Martha Graham (1894 – 1991), the choreographer whose influence on dance is often compared to Picasso’s on the visual arts, developed the essential technique of modern dance. Her solo, “Deep Song,” choreographed in 1937, was a response to the Spanish Civil War, and was created the same year Picasso painted “Guernica,” on the same subject.

“Women’s essential role in the development of modern dance grew out of a combination of things,” said Janet Eilber, the Graham company’s artistic director. “It was the shift from corsets to bloomers, the changes that grew out of the Industrial Revolution, the interest in social eurythmics. And in the 1930s modern dance blossomed as a way by which women could make political statements.”

“The distortion of the body and face, and the torquelike movements in ‘Deep Song’ are Graham’s lament and outcry against the rise of fascism, and the way wives and mothers are the ones left behind to deal with all the loss,” said Eilber. “Martha was just such a powerful, radical game-changer.”

The “Modern Women” program also will feature a special screening of the one-minute film “Butterfly Dance,” by Loie Fuller (another modern dance pioneer, born in 1862 in what is now suburban Hinsdale, Ill.), plus additional historical footage and photos.

Beyond that program there is the hint that things also might be changing (if slowly) in the ballet world. Since 2012, Lourdes Lopez, formerly a principal dancer with the New York City Ballet, has been artistic director of Miami City Ballet. Few women in any country hold such a post.

Blakeley White-McGuire of the Martha Graham Dance Company will perform Graham’s “Deep Song.” She is seen here in another work.

Blakeley White-McGuire of the Martha Graham Dance Company will perform Graham’s “Deep Song.” She is seen here in another work.

“The rarity of it only really dawned on me once I got to Miami,” said Lopez. “Ballet has a long history and holds on very strongly to tradition — which is part of its beauty, but it also keeps it stuck.
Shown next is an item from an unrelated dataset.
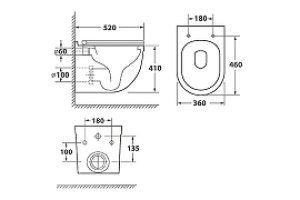 Унитаз Owl 1975 Eld Cirkel-H TOWLT190101 подвесной с сиденьем Микролифт - 2
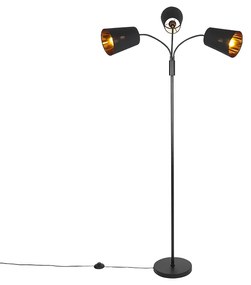 Moderne vloerlamp zwart 3-lichts - Carmen Modern E14 Binnenverlichting Lamp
Plus, as a female ballet dancer there are probably 99 others like you in the studio, so you spend all your time striving to succeed, and then at some point you have to decide about having kids [Lopez has two], so your focus changes. I also think the boards of many ballet companies feel that without a man at the top you can’t do successful fundraising.”

In addition to performing Balanchine’s “Allegro Brilliante” (Aug. 27 at the Harris), Miami City Ballet will dance Twyla Tharp’s 1996 work, “Sweet Fields” (Aug. 29 at the Pritzker). Tharp, 74, has created scores of works for her own company, other modern troupes, major ballet companies and Broadway during a career spanning five decades, and is unquestionably another “exception to the rule.”

“I first saw ‘Sweet Fields’ more than 20 years ago and was blown away by it,” said Lopez. “It’s very different from much of Twyla’s work — incredibly spiritual, and set to beautiful hymns by William Billings. And it gives our corps something they can really grab hold of.”